Jusqu’au coup d’état de juin 1989, justement, le Soudan comptait traditionnellement deux « grands » partis, assis chacun sur une confrérie soufie, et leurs responsables s’estiment encore aujourd’hui être les héritiers d’une majestueuse tradition. Or, ce système s’est profondément dévalorisé. Le mouvement dans la rue a été mené par des groupes issus de divers horizons, notamment de la « société civile » (des organisations professionnelles), mais aussi par une large coalition regroupant des formations d’horizons différents. Au sommet, l’hyper-coalition, les Forces pour la liberté et le changement, compte à son plus haut niveau la propre fille de Sadiq Al-Mahdi, Mariam. Son père souhaite que des élections soient organisées le plus rapidement possible, tablant sur le fait que la vie politique, au Soudan, est encore suffisamment désorganisée par trente ans de dictature, pour que parti, l’Oumma, puisse en bénéficier. Cette option aurait l’aval des militaires, qui adoreraient composer avec un responsable amoindri par l’âge, ayant peu de chance d’opposer une résistance farouche à leurs désirs et à ceux de leurs parrains de la région.

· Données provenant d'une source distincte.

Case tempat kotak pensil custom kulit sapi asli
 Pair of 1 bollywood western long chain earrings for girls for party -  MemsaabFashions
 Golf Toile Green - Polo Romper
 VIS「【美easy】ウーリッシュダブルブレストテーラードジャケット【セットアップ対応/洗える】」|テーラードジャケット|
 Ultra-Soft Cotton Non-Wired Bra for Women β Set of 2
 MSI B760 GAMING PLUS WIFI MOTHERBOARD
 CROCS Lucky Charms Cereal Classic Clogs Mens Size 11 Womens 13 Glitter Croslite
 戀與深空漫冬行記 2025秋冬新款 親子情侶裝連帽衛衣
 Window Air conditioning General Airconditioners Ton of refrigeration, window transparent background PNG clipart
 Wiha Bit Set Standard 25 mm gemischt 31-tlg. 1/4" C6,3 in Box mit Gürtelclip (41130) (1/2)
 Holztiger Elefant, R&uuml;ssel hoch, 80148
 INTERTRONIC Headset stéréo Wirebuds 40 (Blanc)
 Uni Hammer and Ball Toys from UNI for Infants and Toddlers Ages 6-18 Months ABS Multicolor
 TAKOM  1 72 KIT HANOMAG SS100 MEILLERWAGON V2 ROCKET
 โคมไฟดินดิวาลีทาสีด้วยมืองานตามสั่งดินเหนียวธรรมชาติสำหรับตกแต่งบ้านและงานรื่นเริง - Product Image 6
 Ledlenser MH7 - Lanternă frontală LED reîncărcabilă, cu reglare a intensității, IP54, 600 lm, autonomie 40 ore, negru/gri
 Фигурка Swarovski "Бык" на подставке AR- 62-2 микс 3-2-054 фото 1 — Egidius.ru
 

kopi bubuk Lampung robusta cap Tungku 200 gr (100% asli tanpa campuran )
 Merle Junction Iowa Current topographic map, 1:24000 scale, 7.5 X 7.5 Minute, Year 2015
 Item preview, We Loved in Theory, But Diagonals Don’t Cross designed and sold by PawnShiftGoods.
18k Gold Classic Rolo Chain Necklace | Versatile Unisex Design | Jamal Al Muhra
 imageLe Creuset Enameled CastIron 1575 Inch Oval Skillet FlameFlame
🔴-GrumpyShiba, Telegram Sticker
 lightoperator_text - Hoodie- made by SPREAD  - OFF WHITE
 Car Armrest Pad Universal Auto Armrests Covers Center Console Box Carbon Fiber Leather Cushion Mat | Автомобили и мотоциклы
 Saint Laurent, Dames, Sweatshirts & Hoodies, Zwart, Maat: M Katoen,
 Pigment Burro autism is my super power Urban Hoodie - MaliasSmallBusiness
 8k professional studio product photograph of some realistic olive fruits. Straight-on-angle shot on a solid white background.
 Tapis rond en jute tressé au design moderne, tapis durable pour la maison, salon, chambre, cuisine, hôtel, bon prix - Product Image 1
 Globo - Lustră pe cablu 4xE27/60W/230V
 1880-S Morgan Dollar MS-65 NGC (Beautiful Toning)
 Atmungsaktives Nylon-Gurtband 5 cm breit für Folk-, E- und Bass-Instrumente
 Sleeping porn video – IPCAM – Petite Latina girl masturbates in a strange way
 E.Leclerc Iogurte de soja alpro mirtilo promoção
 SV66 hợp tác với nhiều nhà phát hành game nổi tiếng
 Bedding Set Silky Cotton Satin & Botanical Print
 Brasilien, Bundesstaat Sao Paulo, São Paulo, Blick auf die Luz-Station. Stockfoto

Mais ce scénario présente des risques. Les importantes forces du NISS, les services de renseignement qui menaient la répression jusqu’au renversement d’Omar Al-Bachir, le 11 avril, ont disparu dans la nature. Ils ne sont pas partis bien loin et disposent, dans Khartoum, de bases, et d’importants stocks d’armes. Ces forces pourraient se ranger du côté de la faction dure des militaires – l’armée a elle aussi ses divisions –, et affronter ceux qui sont sur sa route : les RSF du général Hemetti. C’est la particularité de cette situation : alors que les RSF sont issus de milices qui ont commis des atrocités au Darfour et ont ensuite pris une part importante dans la répression sanglante des manifestations civiles de Khartoum en 2013, le grand bouleversement politique soudanais fait de cette armée quasi privée l’alliée objective des civils dans la phase actuelle. Pour que cet état se prolonge, il faut que les négociations se poursuivent, car elles seules peuvent donner naissance à un nouvel ordre politique légitime, qui est précisément, ce que souhaitent tous les acteurs soudanais, lassés du statut de semi-paria de leur pays.

Certains responsables de l’ex-régime parient sur la possibilité de voir le Soudan ramené à une forme de normalité. Pour cela, il faut un processus « propre ». Si, dans les jours à venir, il apparaît que le processus n’a plus de chance de se conclure par un ordre politique reconnu internationalement, il ne restera plus alors qu’à laisser libre cours à la violence. C’est la raison pour laquelle il est si important de mener cette grève générale, selon ses organisateurs. Un mouvement destiné à ranimer les négociations plus qu’à les faire aboutir. Mais aussi à éviter le plongeon dans l’inconnu.